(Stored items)
╔══
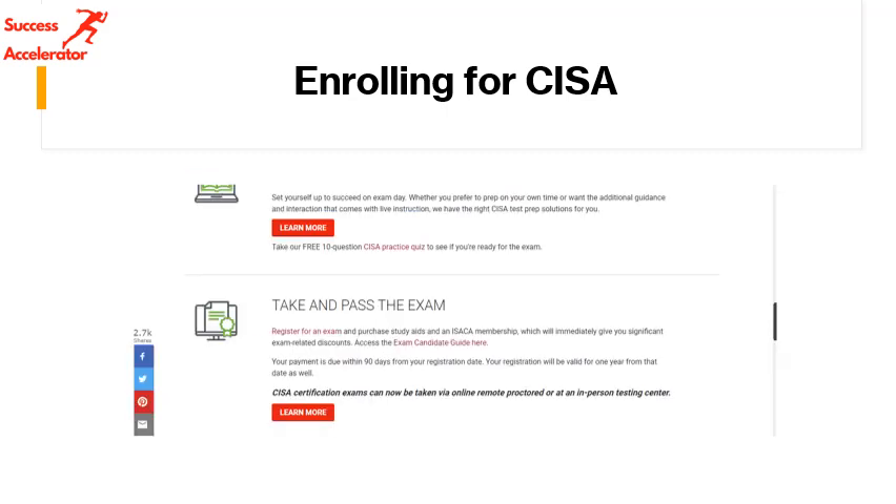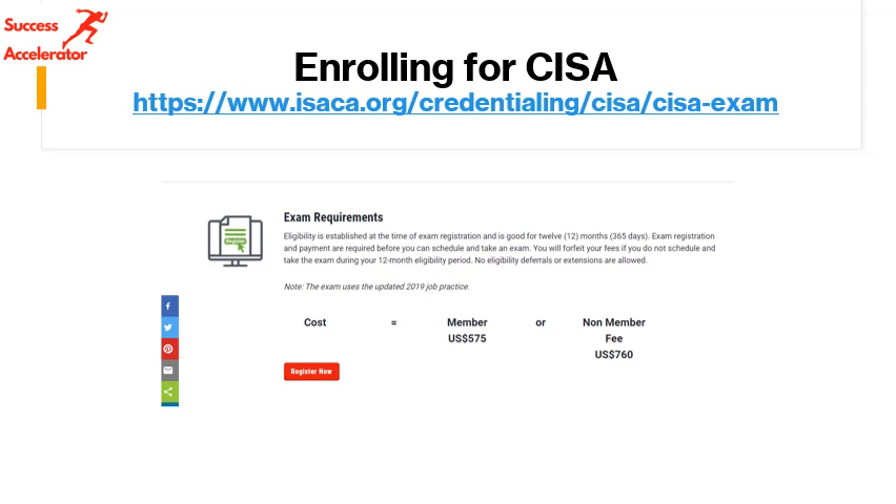Then you enroll for the examination. So at this point you have already become a member; now you enroll for CISA. You can start with practice questions and enroll for whichever examination format you prefer — in-person at a testing center or remote examination. Both options are available. If you are in a remote location, you can have it proctored where someone monitors your exam, or you can go to any testing center authorized by ISACA.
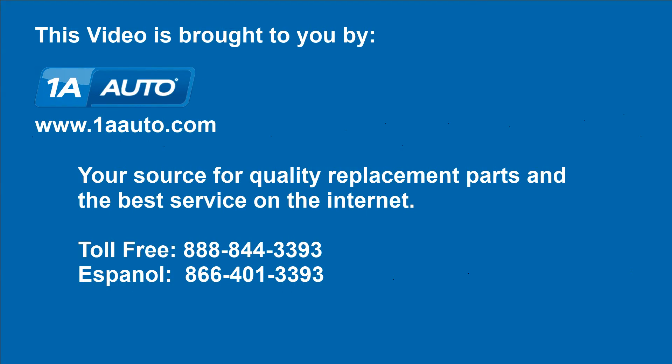We hope this video helps you out. Brought to you by 1AAuto.com, your source for quality replacement parts and the best service on the Internet. Please feel free to call us toll-free, 888-844-3393. We're the company that's here for you on the Internet and in person.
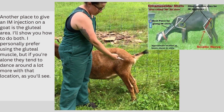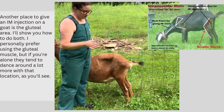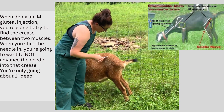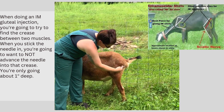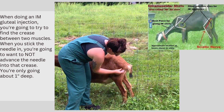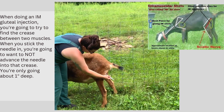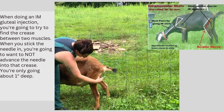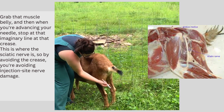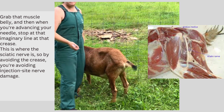I personally prefer using the gluteal muscle, but if you're alone, they tend to dance around a little bit more. When doing a gluteal intramuscular injection, what you're going to try to find is there's typically a little crease right here between this muscle and this muscle. When you stick your needle in, you're going to not advance into that crease — you're only going this far in. You're going to grab that muscle belly, and when you advance your needle, you're going to stop at your imaginary little line up that crease there. That's your anatomy landmark for that.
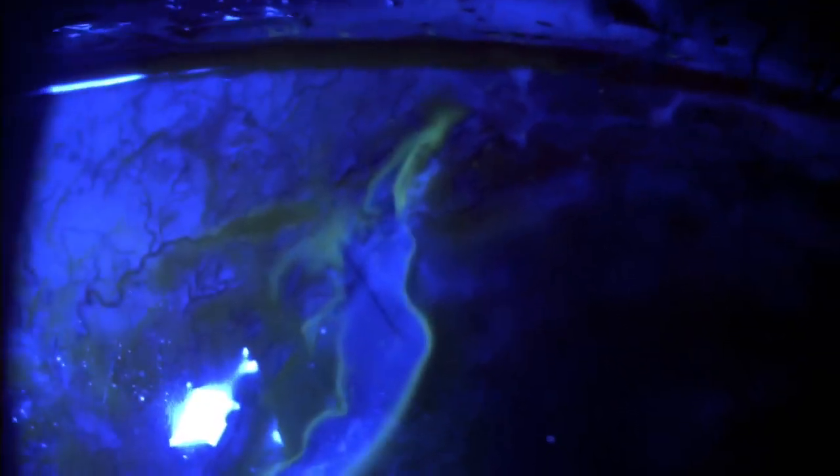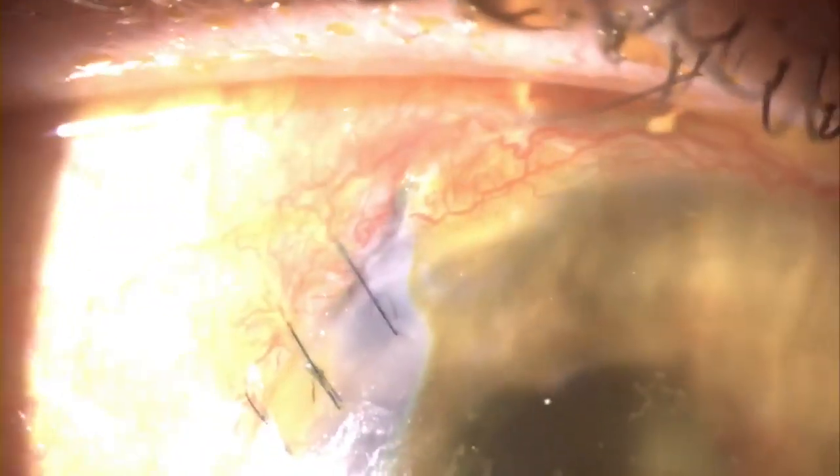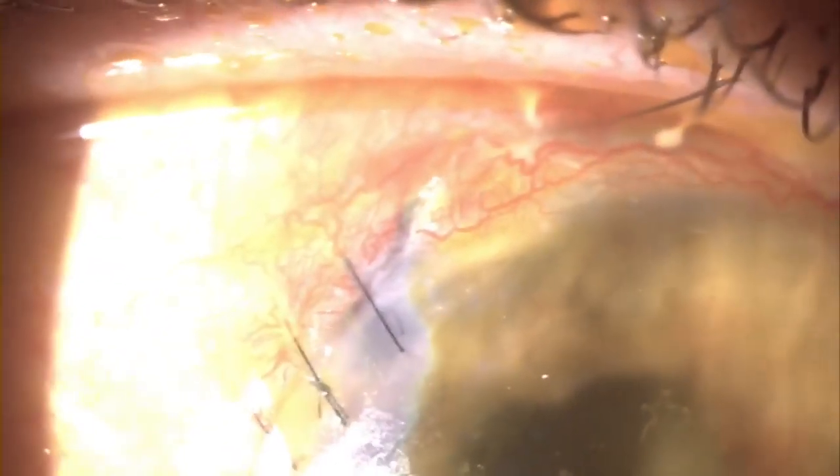So you instill 1% fluorescein — 1% is really important — and there we see the waterfall effect. You can see a trickle of fluid coming out through the wound where there's a leak there.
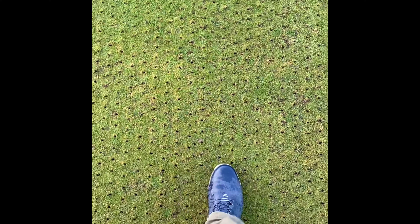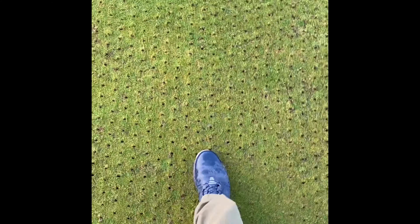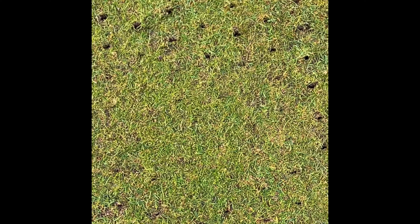But if you watch closely, if I put my foot in position and I just start doing this — which is what a mower would do — and then have a look at that. You can see how quickly they close over. You can't even tell they've even been opened up.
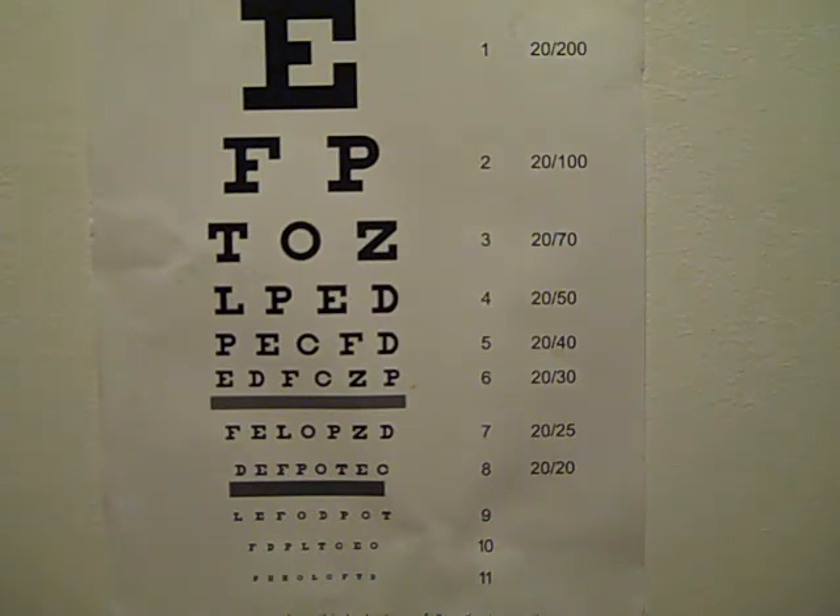But for anyone doing EndMyopia exercises and active focus, it's just worth having one of these. Put it up on your wall or on the fridge and every now and then just stand back from it, see what you can see, see what your progress is. So yeah, that's just a basic review on how you can use the Snellen Chart.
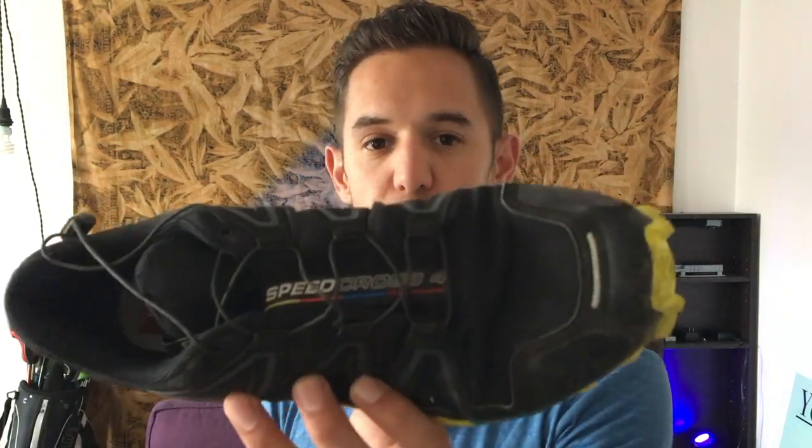If you like this review, go ahead and give it a like. I'm putting a link to Amazon down below — I actually got these off Camp Saver, but there's an Amazon link where you can check it out and get some for yourself. Speedcross 4 — not three, not two, not one — four. Quattro. Check it out.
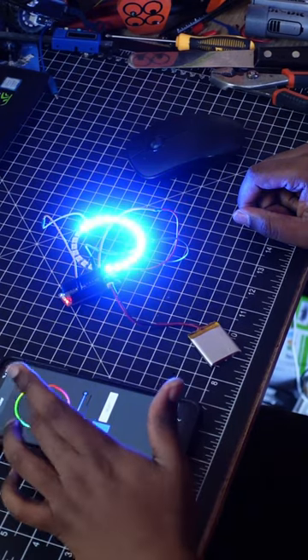The Feather Bluefruit is also Arduino compatible and uses the same microcontroller as the Arduino Leonardo. Adafruit has also come up with an app to help control your Bluetooth project.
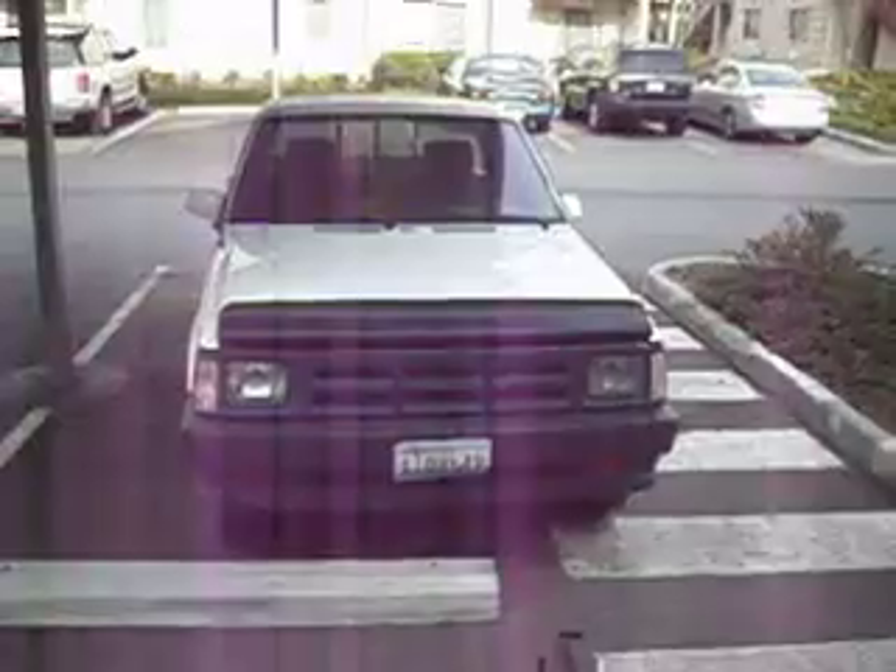Okay, here's the car that's going to save the world.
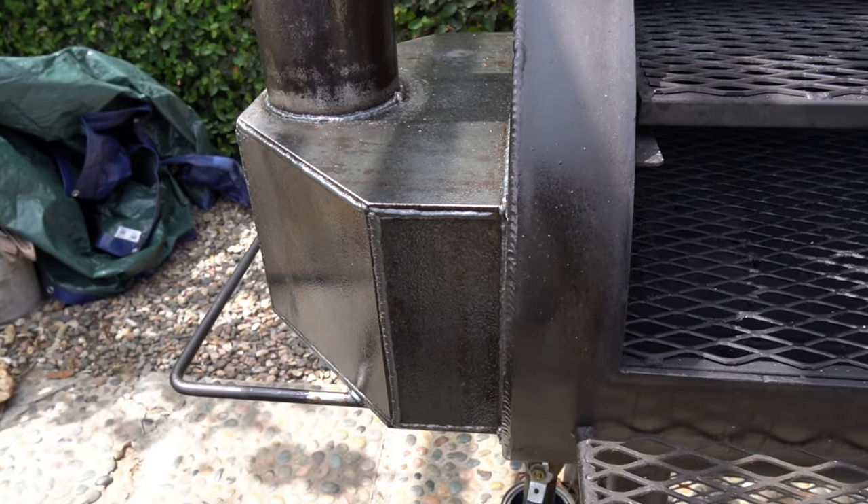Today we're going to test out the smoke collector that me and Nathan installed on the Loaded Wichita by Yoder Smokers last week. Stick around.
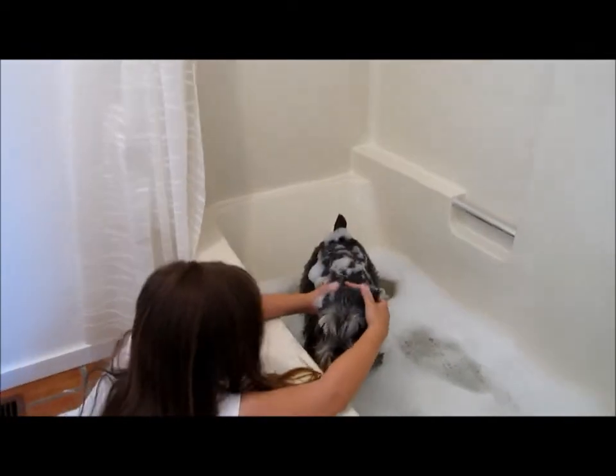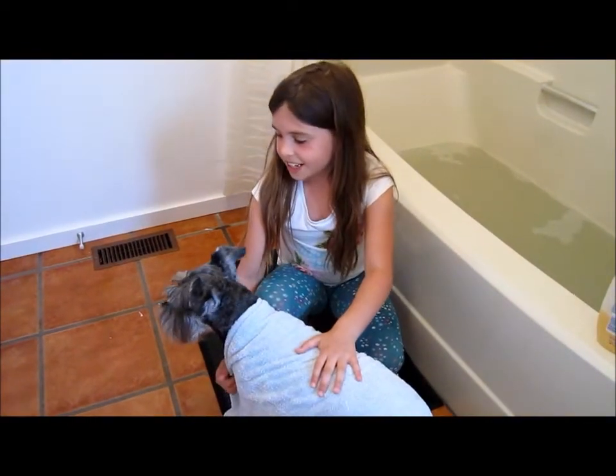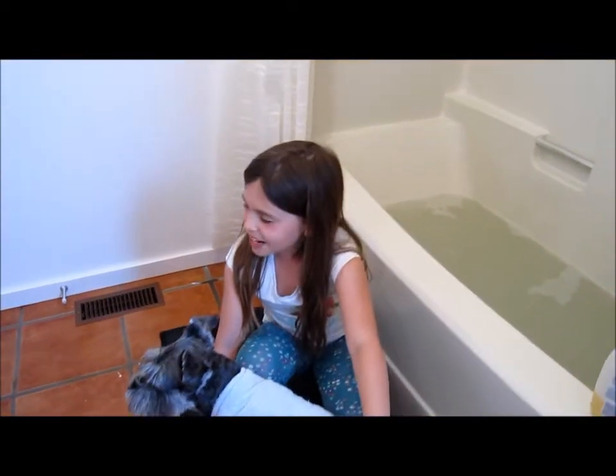Isn't he a good boy Max? You love your bubbles. You're such a good boy. Okay Max, your bath is done. Daddy, your bath water is ready.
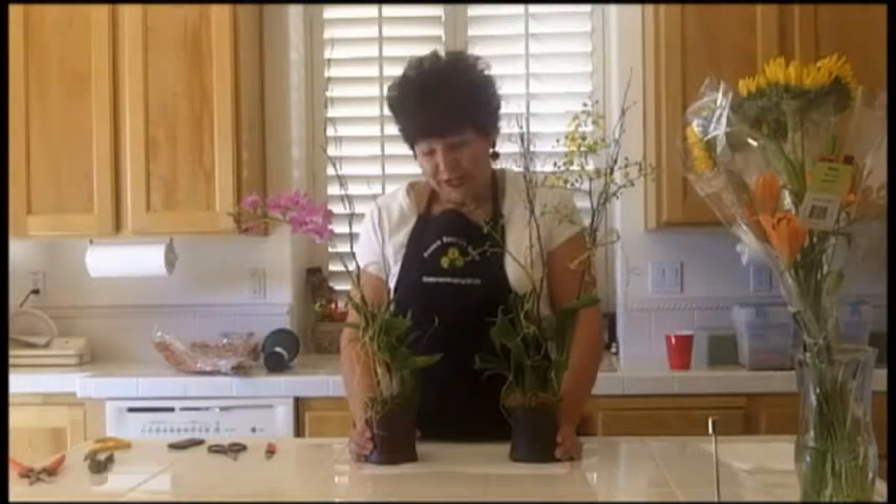Head on over to flowerarranging101.tv where I show you how to take this from start to finish and present a beautiful gift.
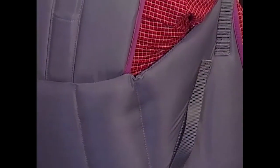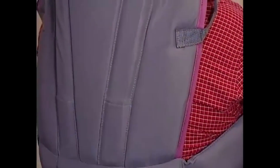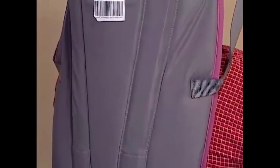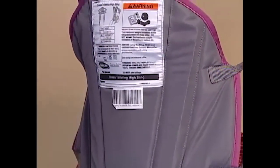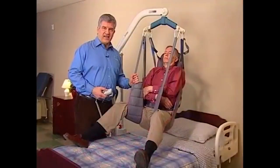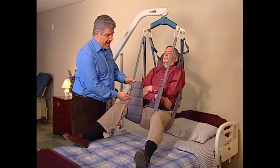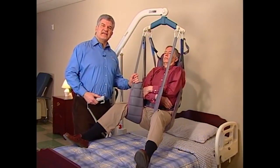InvaCare toileting slings are constructed of durable materials that resist deterioration from moisture and laundering. They're constructed of a unique, fully padded fabric that forms a soft yet supportive surface. The soft lining helps prevent sliding for comfort and skin protection, and its stretch-resistant character helps them hold their shape for superior comfort and ease of positioning.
╚══
DIRECTIONS
Retype the lines above exactly as they appear, from the line containing "Isn't he a good" through the line containing "Head on over", and leave out any pictures.

WRITTEN ANSWER
Isn't he a good boy Max? You love your bubbles. You're such a good boy. Okay Max, your bath is done. Daddy, your bath water is ready.
Head on over to flowerarranging101.tv where I show you how to take this from start to finish and present a beautiful gift.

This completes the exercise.